E ficamos sem poder opinar sobre os desdobramentos dos eventos seguintes e atitudes dos envolvidos, justamente por desconhecer o teor da gravação na sua íntegra ou sumarizada. Resta-nos aceitar apenas a impressão daquilo que Arthur Clarke decidiu que seria razoável. - isto poderia ser chamado de "ditadura literária"? O que é um tanto lamentável, porque foge ao padrão de excelência e riqueza de detalhes que caracteriza a Odisséia.

E tudo termina sob uma espécie de competição de julgamentos precipitados sobre uma raça alheia e sem a menor chance de intermediação ou direito de ouvir e/ou negociar com a outra parte (e vice-versa), ou seja, sem oportunidade à justiça, qualquer que seja ela. No fim, prevalece a ação preventiva sendo mais importante que qualquer demonstração de verdadeira inteligência! O que contradiz, basicamente, o que se diz e dá a entender no meio do livro e ao longo de toda a Odisséia desde '2001'. Triste. Fico com a sensação que A.C.Clarke agiu como se fosse um profeta (ou conselheiro?) para W.G.Bush ao decidir pela invasão ao Iraque como forma preventiva ao terrorismo (ou seria um pensamento inconsciente e generalizado dos norte-americanos?)...

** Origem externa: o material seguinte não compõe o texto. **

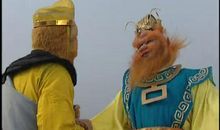 孙悟空坐金銮殿歇后语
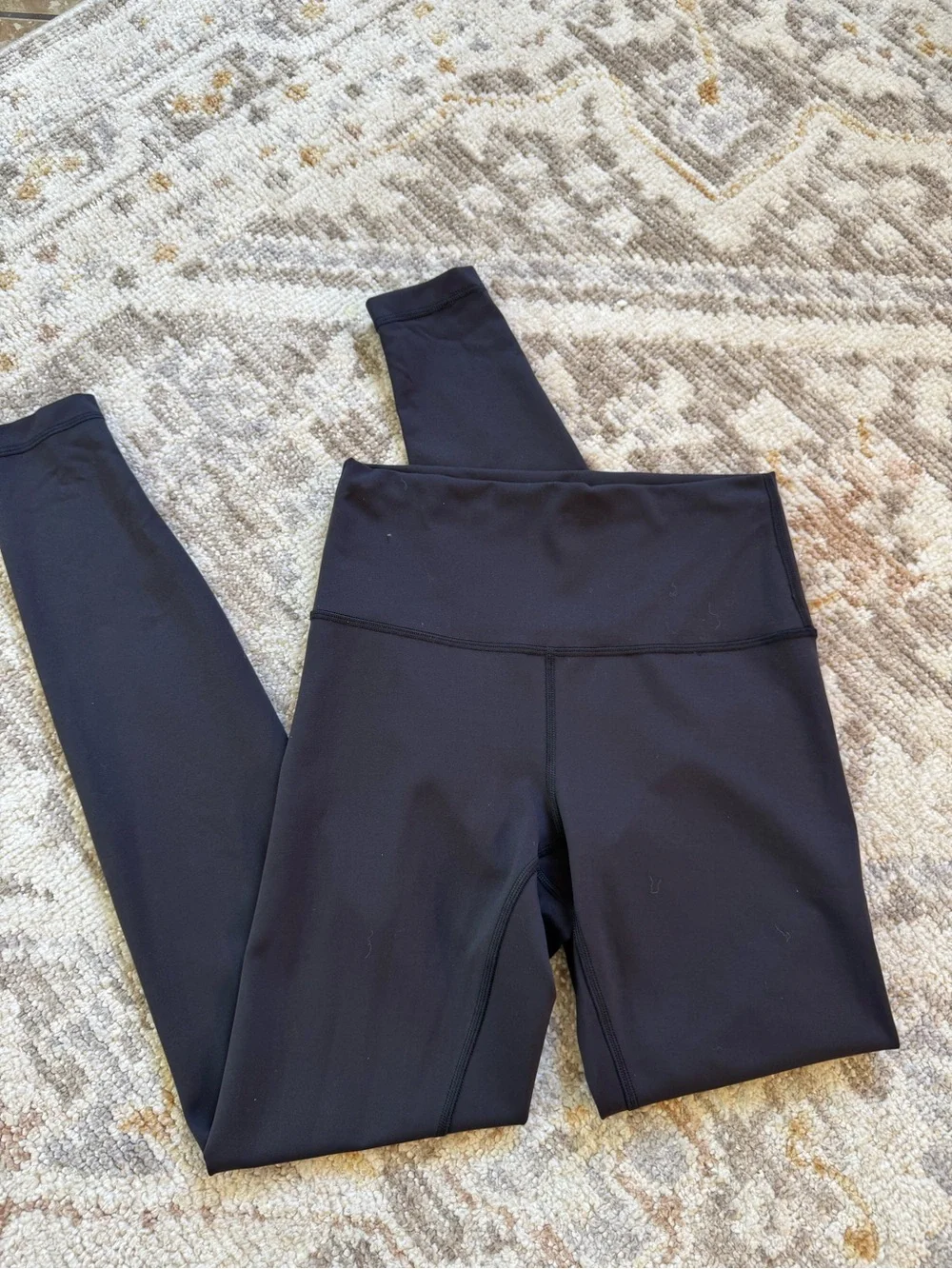 Lululemon Align Pant II 28” High Rise Black Leggings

Por fim, uma curiosidade conhecida por muitos. Sempre foi comentado que o home do supercomputador HAL teria sido uma jogada sutil em referência ao gigante dos computadores, a IBM: onde a personagem estaria a passo à frente ( na verdade, uma letra antes, para cada componente na sigla: A B c d e f g H I j k L M ... ). Clarke sempre negou que tenha feito isto intencionalmente. Neste livro '3001', apesar de continuar a negar o plágio, ele admite que vai parar de refutar a idéia da genial coincidência, uma vez que a IBM se sente até homenageada com esse "imbrólho". Ah, vale dizer que H.A.L. viria de Heuristically-programmed Algorithmic Language Computer; e I.B.M. vem de International Business Machines Corporation.

Enfim, é um bom livro, de fácil leitura. Tem pontos falhos, mas eu penso que completa o contexto da obra. Apesar de minhas ressalvas e críticas, parabéns a Arthur Clarke!

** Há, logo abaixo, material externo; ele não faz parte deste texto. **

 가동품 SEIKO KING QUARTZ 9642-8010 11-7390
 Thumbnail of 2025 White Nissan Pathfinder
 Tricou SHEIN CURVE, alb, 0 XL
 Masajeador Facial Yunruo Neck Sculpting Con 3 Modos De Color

Sobre as lacunas de lógica, alguém disse certa vez:
"Uma história, um livro, precisa fazer sentido; a vida, não!"
Ora, se a vida que vivemos aceitamos que seja ilógica, por que exigimos que um livro ou uma estória tenha que ser coerente?

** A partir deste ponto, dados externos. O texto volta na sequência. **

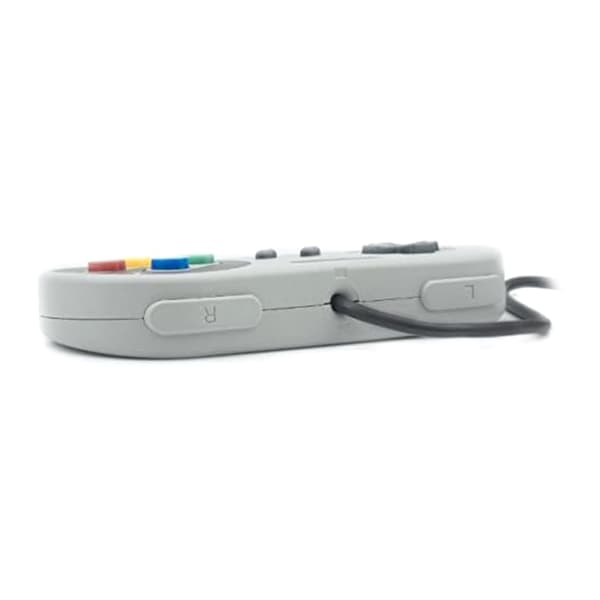 Spillkontroller for SNES 16 Bit Håndtak Joystick Kontroller Gamepad null - Purple key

( desenhado por AndreM, na década de 80, toscamente colorizado por computador )

5 comentários:

Jaqueline Köhn disse...

Excelente observação sua, que lógica há em nossas próprias vidas ...

Andre Martin disse...

Hummm...
Parece que:
a) ou ninguém gosta do tema ficção científica
b) ou ninguém gosta de ler crônica crítica de livros
c) ou ninguém gosta de textos loonnngos
d) ou o que escrevi deve estar um lixo, preciso rever e repensar antes de postar

Andre Martin disse...


Jaque:


E não é? Vai entender...
rsrs

Andre Martin disse...


AndreM:


Ah, não liga não. Eu gostei do que eu escrevi, e pronto!

Fica registrado. Algum dia, alguém procurando sobre o assunto pelo google ou outra ferramenta de busca pela internet, possa achar interessante... Até lá, esquece! E siga postando! rsrs

Jaqueline Köhn disse...

Um ponto pra mim, só eu comentei e disse a verdade, que preguiiiiiiça dá de ler isso tudo...hahaha

E diria mais, as alternativas a, b e c estão corretas, a d não sei porque não li ... hahaha

Mas o importante é que vc gostou né?